When Pellegrini joined the club had a number of good players in Sorin, Senna and Riquelme but the challenge was how to mix this aesthetically pleasing side to one that could also cope with the power and pace of other European sides. Indeed this is the same conundrum that has befallen South American coaches.
While the continent produces such players as Sergio Aguero and Robinho whose national identity is obvious on the pitch, striking the balance between their flair and guile with European dynamism has not been as easiest to implement. Recent South American World Cup qualifying games have played out not to dissimilar to much of those in Europe while domestic games at times can be compared to those between middle-lower Premier League sides.
To many this represents a cultural change and therefore you may forgive one Brazilian great for describing such games as the ‘synonym of slowness’. The denying of space by constant pressuring, used by Holland to great effect in 1974 especially to that of the playmaker so widely deployed by many South American nations, has seen in a shift in thinking to counter act this type of strategy. “The strategy is to get the ball forward quickly and win a set piece,” says Tostão. “The problem is not just the lack of individual talent. It’s also the lack of understanding of what it is to play good football”.
Players are bulkier, quicker, taller and faster to try and match the size and physicality condition of Europeans. “Nowadays,” said Tostão, “the coaches, right from the junior levels, choose the taller players, even if they are not the most skillful. Romário was the last of the great small strikers. If he were to arrive today at the youth side of one of the big clubs, the coach would put him in midfield or he would not be considered for a professional career.”
It would have been unthinkable to those in Brazil that Anderson would become a defensive midfielder while Rafael has overtaken his Fabio in United’s plans because of his more energetic attitude in contrast to his more technical sound brother. Perhaps Marcos Senna best represents the change in direction. In 2002, at 26 years of age, he left for Villarreal having only played one consistent season of football however had he been around in more recent times, he may have got a greater opportunity and maybe even a Brazilian cap.

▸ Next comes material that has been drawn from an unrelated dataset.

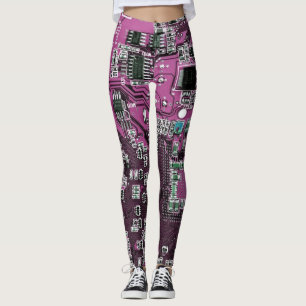 Printed Circuit Assembly PCB Purple Circuit Board Leggings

Pellegrini’s side contains South American players with both a mixture of skill and bite. “Always putting priority on treating the ball well, we’ve also added more mobility,” he says. “It’s a mixture of South American and European football.”
Marcos Senna is partnered by similarly mobile and technically sound Eguren who had a spell in the Norwegian league before moving to Villarreal. On the flanks they can choose from wiry Argentine Ibagaza or Mati Fernandez and in defence are Gonzalo and Godin. They have also got a fantastic Spanish base from their goalkeeper, two marauding full backs, wingers Cani and Carzola not to mention other Europeans in Rossi and Pires. “We have physical players, but we have players who are only about technique and harmony with their body and the ball,” said Pellegrini. Maybe only upfront are they possibly lacking with recent observations showing a physical presence up front is the best way forward.
Against Arsenal they showed great movement and incisive passing and the way the two clubs played, showed physically strong isn’t everything. Indeed Arrigo Sacchi, the former Italian coach wrote Italian sides spend as much or even more time in the gym than the English but their top three clubs all fell at the same hurdle.
The greater concentration should be focused on intensity and being able to alter ones tempo which is the real reason for English clubs’ dominance. And at the same time look to harness more of the individual identity and talent that made South American clubs so successful.